Two drugs are better than one, when young children are feverish and fussy, according to a study published in the February issue of the Archives of Pediatric and Adolescent Medicine. Israeli researchers compared the safety and effectiveness of three different drug regimens in acutely febrile children ages six months to 36 months: one of acetaminophen alone, one of ibuprofen alone, and one of acetaminophen alternated with ibuprofen. In all three groups, half of the children received an initial loading dose of acetaminophen and half received ibuprofen. The 434 children were followed daily for three days. They were then checked at days 5 and 10 and thereafter weekly for 12 weeks.
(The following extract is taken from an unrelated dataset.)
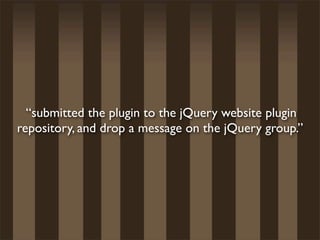 “submitted the plugin to the jQuery website plugin
repository, and drop a message on the jQuery group.”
The alternating regimen produced significantly better outcomes than did either antipyretic alone (this held true regardless of which medication was used for the initial loading dose): fevers and stress scores came down more quickly, with fewer doses given, and caregivers missed fewer days of work.
Significant gains in eliminating ventilator-associated pneumonia (VAP). The Institute of Healthcare Improvement (IHI) reported that 14 hospitals have successfully eliminated VAP in ICUs or hospital wide over a one-year period. Preventing VAP is one of the six quality-improvement areas in the IHI's 100,000 Lives Campaign, an initiative that began in January 2005 to improve hospital care by implementing evidence-based practices. The IHI maintains that if hospitals instituted these measures, they could save 100,000 lives by June 14, 2006. For more information go to http://www.ihi.org/campaign.
Oregon's Death with Dignity Act upheld. The U.S. Supreme Court ruled on January 17 that the U.S. attorney general does not have the authority to discipline or prosecute physicians who prescribe (but do not administer) a lethal dose of a medication to an incurably ill patient who requests it. Former U.S. attorney general John Ashcroft had argued that these prescriptions, which usually involve a controlled substance, were not written for "a legitimate medical purpose" and were thus illegal. The Supreme Court ruled that medical practice is regulated by the states except where Congress has passed specific legislation, and that Congress's intent in passing the Controlled Substances Act was to combat drug abuse as it is conventionally understood, not to address the complex moral and legal issues surrounding assisted suicide.
Spending on trauma treatment rose dramatically from 1996 to 2003, making it the highest single source of health care expenditures in the United States, exceeding spending on either heart disease or cancer. According to the Agency for Healthcare Research and Quality, in 1996 $37 billion was spent treating 38 million Americans for trauma-related conditions. In 2003 $72 billion-94%more-was spent treating 36 million people-5%fewer-for trauma. In contrast, the relative cost of treating heart disease did not change. The number of people treated for cancer, now the third most expensive condition, increased 18% from 9 million to 11 million, while spending on cancer treatment increased 21%, from $38 billion to $48 billion.